In [None]:
import joblib
import numpy as np
import pandas as pd
from collections import Counter
from tqdm import tqdm
import torch
import torch.nn as nn
from torchsummary import summary
from torch.utils.data import Dataset, DataLoader, random_split, SubsetRandomSampler, Subset

loaded_data = joblib.load("train_data.pkl")
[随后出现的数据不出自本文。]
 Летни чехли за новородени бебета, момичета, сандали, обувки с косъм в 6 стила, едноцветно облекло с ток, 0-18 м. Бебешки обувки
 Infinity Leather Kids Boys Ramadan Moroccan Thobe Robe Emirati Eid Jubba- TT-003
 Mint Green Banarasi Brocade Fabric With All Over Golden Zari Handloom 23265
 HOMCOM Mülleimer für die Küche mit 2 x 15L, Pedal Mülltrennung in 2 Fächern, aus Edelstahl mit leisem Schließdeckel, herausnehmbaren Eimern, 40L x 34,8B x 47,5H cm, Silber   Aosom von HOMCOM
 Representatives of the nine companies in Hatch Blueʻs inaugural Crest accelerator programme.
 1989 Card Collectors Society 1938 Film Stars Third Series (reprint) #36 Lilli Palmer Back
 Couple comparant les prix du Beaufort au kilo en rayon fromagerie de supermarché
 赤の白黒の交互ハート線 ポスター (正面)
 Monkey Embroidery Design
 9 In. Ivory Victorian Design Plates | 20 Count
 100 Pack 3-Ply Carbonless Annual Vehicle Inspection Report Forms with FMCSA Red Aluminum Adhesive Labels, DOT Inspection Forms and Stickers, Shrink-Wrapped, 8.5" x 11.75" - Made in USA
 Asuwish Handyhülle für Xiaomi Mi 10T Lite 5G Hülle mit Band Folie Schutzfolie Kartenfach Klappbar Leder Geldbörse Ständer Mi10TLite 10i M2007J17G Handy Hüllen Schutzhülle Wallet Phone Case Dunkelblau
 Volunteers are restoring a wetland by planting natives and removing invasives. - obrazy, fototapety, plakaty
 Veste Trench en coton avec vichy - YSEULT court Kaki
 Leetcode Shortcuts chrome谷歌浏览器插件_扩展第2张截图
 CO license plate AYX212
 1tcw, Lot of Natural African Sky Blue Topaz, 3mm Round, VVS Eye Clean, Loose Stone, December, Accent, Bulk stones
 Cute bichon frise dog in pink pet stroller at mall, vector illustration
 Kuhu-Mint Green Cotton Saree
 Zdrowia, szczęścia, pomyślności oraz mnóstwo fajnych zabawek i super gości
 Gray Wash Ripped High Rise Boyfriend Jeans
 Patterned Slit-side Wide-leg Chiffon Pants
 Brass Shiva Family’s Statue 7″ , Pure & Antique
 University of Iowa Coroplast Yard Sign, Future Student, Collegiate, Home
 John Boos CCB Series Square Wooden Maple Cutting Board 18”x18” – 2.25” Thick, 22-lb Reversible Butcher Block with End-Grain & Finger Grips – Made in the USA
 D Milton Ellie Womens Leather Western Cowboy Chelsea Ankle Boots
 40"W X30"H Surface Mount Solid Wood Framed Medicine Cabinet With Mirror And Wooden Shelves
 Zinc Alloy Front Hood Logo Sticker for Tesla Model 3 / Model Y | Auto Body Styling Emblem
targets, data, ids = loaded_data

# 打印某个人的具体信息

for i in tqdm(range(277)):
    if ids[i] == "44a41bba1ee7":
        print(f"Target: {targets[i]}")
        print(f"{data[i]}")
        print(type(targets[i]))
        print(type(data[i]))

In [None]:
class CFG:
    window_overlap = 30
    window_size = 60
    train_ratio = 0.8
    batch_size = 32
    input_dim = 2
    embed_dim = 32
    num_classes = 3 
    num_layers = 6
    nhead = 4
    dim_feedforward = 64
    learning_rate = 1e-3
    epochs = 5
    train_record_steps = 80
    test_record_steps = 20
    num_person = 277

In [None]:
# 生成放入模型的数据，假设使用30分钟作为一个窗口，那么需要找的为形状（360，2）的矩阵

train_events = pd.read_csv("./train_events.csv")
num_person = len(train_events["series_id"].unique())
print("The number of total persons is:", num_person)

# 用来存储模型的输入与标签
X = []
y = []

for i in tqdm(range(min(num_person, CFG.num_person))):

    df = data[i]
    pair_list = targets[i]
    sleep_id = ids[i]

    # 先提取出开始睡觉和结束睡觉的时间
    onset_steps = []
    wakeup_steps = []
    for j in range(len(pair_list)):
        onset_steps.append(pair_list[j][0])
        wakeup_steps.append(pair_list[j][1])
    # print("length of onset list:", len(onset_steps))
    # print("length of wakeup list:", len(wakeup_steps))
    # print(onset_steps)
    # print(wakeup_steps)

    # 中间没有明确时间点的区间全部都不要
    empty_spaces = []
    events = train_events[train_events["series_id"] == sleep_id]
    last_events = 0
    mark = 0 
    for (idx, row) in events.iterrows():
        if np.isnan(row["step"]):
            mark = 1
        else:
            if row["step"] > last_events and mark == 0:
                last_events = row["step"]
            elif row["step"] > last_events and mark == 1:
                empty_spaces.append((int(last_events + 720), int(row["step"] - 720)))
                last_events = row["step"]
                mark = 0

    # print(empty_spaces)

    # 为训练数据设置label，如果区间中没有任何事件，标签为0，如果有开始睡觉事件，标签为1，如果有结束睡觉事件，标签为2
    labels = []
    for j in range(0, len(df), CFG.window_overlap):
        start = j
        if j + CFG.window_size >= len(df):
            break
        else:
            end = j + CFG.window_size

        flag = 0
        for k in empty_spaces:
            if (k[0] <= start <= k[1]) or (k[0] <= end <= k[1]):
                flag = 1
                break
            else:
                continue

        chunk = df.iloc[start:end][["anglez", "enmo"]]
        chunk = chunk.to_numpy()

        if flag == 1:
            label = 3
        elif any(start <= num <= end for num in wakeup_steps):
            label = 2
        elif any(start <= num <= end for num in onset_steps):
            label = 1
        else:
            label = 0
        labels.append(label)

        if label != 3:
            X.append(chunk)
            y.append(label)

    element_counts = Counter(labels)

    for element, count in element_counts.items():
        print(f'Element {element} occurs {count} times')

print(len(X), len(y))

In [None]:
X_noevent = []
y_noevent = []
X_onset = []
y_onset = []
X_wakeup = []
y_wakeup = []

for i in tqdm(range(len(X))):
    xi = X[i]
    yi = y[i]
    if yi == 0:
        X_noevent.append(xi)
        y_noevent.append(yi)
    elif yi == 1:
        X_onset.append(xi)
        y_onset.append(yi)
    elif yi == 2:
        X_wakeup.append(xi)
        y_wakeup.append(yi)

print(len(X_noevent), len(X_onset), len(X_wakeup))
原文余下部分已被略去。